You won’t find three girls who adored their dad as much as Kimberly, Kristin and Kaare did. He was a literal and figurative giant in their lives (it’s awesome when your dad is 6’7″ and you never lose him in a crowd). He was also loved by his seven grandkids, who never found him lacking for a great story or a not-so-great dad joke. And 18 months ago he had the honor of welcoming his first great-grandchild into the fold — another girl, of course.

Steve was a fighter. His heart disease threw so many curveballs at him, but he was a master at framing the pitch. There’s no question the tenacity of an athlete got him to his 81st year, but it still feels like we are all a bit gypped in the end. Mighty are the men who wear the purple and the gold!

Steve is survived by his wife of 61 years, Carol; his three daughters Kimberly Parker (Dean), Kristin Abraham (Brent), and Kaare Whitelaw (Eric); grandchildren Chase (Jésus), Brock (Marizon), Jackson (Laura), Tara, Gunnar, Bjorn and Bergen; and great-granddaughter Philippa.

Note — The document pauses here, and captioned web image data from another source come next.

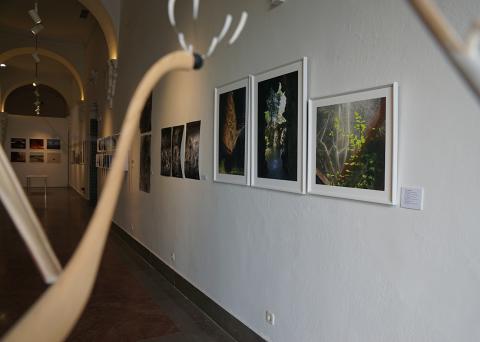 Fotografías en la exposición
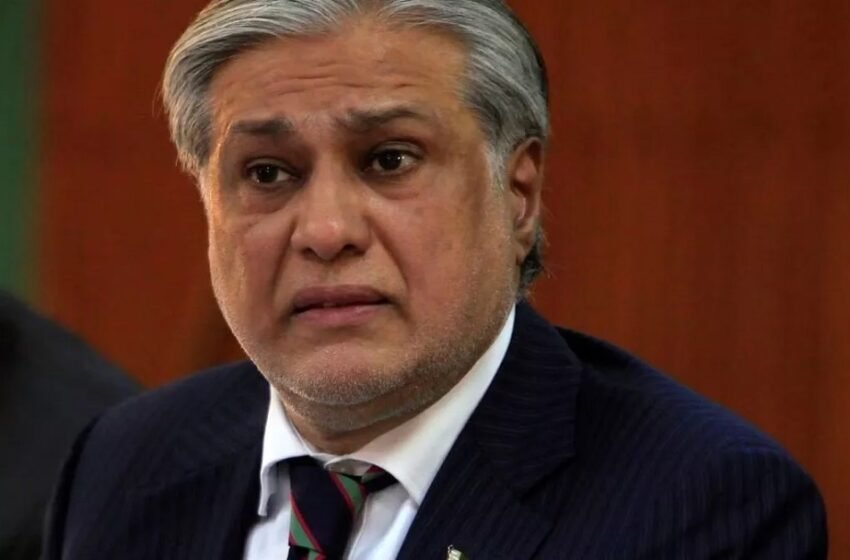 Pakistan's Deputy PM made a big revelation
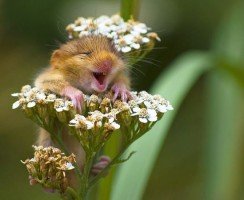 Смех с мехом: какие животные умеют смеяться и улыбаться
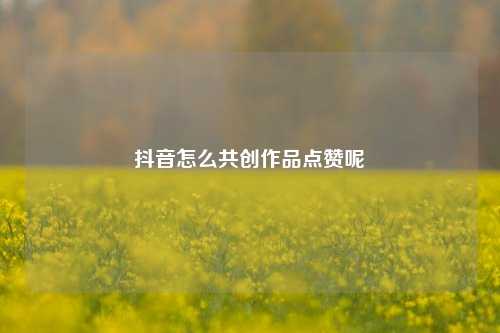 抖音怎么共创作品点赞呢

As per his wishes, there will be no service. If you would like to make a donation in Steve’s name to the Wounded Warrior Project (www.woundedwarriorproject.org), he would love that.

  1. Steve was a class act. I officiated a few games with him Tuesday or Friday nights. I was a Seattle cop. I also visited him when he was either a principal or vice principal at Ingraham or Garfield.
    He was the kind of guy who I thought would live forever.
    Now that I have Congestive Heart Failure, can appreciate what he has gone through.

  2. Mr. Steven Wilson was my high school principal at Ingraham High School. He was a remarkable individual who left an indelible mark on the lives of those fortunate enough to know him. Mr. Wilson exemplified dedication, warmth, and an unwavering commitment to the well-being of others.
    Standing at an impressive 6’7″, Mr. Wilson’s towering presence was matched only by the enormity of his heart. Despite his stature, he possessed a rare gift of making everyone feel valued and heard. His office, a sanctuary where countless conversations about basketball and volleyball unfolded, was a testament to his approachability and genuine interest in connecting with his students.
    The threads of connection didn’t end with high school. The joy of reconnecting with Mr. Wilson during the shared experiences of my son and his grandson playing on the same baseball team further illustrates the lasting impact he had on multiple generations.
    In the tapestry of our memories, Mr. Steven Wilson’s imprint will forever remain, and he will be dearly missed by all who had the privilege of knowing him.